--- Data for processing Enclosed Below ---

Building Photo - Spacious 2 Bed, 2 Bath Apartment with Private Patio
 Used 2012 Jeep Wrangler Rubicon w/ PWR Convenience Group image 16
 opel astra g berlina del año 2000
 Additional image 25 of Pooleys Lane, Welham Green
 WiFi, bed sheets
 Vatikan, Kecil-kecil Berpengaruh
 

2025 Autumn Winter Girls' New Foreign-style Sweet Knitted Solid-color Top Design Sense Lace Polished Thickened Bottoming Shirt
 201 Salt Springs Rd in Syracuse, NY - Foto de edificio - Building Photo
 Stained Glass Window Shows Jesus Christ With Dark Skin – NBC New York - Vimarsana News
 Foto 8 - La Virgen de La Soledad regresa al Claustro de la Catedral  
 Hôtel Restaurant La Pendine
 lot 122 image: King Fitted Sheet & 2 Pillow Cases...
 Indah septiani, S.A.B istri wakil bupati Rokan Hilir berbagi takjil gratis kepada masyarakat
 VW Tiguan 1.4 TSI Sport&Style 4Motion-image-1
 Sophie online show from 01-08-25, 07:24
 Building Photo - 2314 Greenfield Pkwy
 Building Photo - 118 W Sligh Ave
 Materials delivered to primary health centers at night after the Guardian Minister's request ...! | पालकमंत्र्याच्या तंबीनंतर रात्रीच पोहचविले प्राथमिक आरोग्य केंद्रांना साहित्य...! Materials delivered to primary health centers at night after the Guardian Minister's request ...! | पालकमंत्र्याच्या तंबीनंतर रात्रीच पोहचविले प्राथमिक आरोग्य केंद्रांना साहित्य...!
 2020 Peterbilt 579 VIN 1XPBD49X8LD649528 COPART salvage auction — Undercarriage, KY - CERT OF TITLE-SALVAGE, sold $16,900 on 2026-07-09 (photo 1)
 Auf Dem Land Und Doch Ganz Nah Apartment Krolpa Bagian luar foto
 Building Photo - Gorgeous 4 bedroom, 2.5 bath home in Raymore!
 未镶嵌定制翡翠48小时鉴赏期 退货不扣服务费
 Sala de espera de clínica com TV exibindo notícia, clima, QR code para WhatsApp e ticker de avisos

--- End of Enclosed Data for processing ---

Write out, word for word, every line from the one containing "2020 Peterbilt 579" through the last line of the records above.

Solution for this task –
 2020 Peterbilt 579 VIN 1XPBD49X8LD649528 COPART salvage auction — Undercarriage, KY - CERT OF TITLE-SALVAGE, sold $16,900 on 2026-07-09 (photo 1)
 Auf Dem Land Und Doch Ganz Nah Apartment Krolpa Bagian luar foto
 Building Photo - Gorgeous 4 bedroom, 2.5 bath home in Raymore!
 未镶嵌定制翡翠48小时鉴赏期 退货不扣服务费
 Sala de espera de clínica com TV exibindo notícia, clima, QR code para WhatsApp e ticker de avisos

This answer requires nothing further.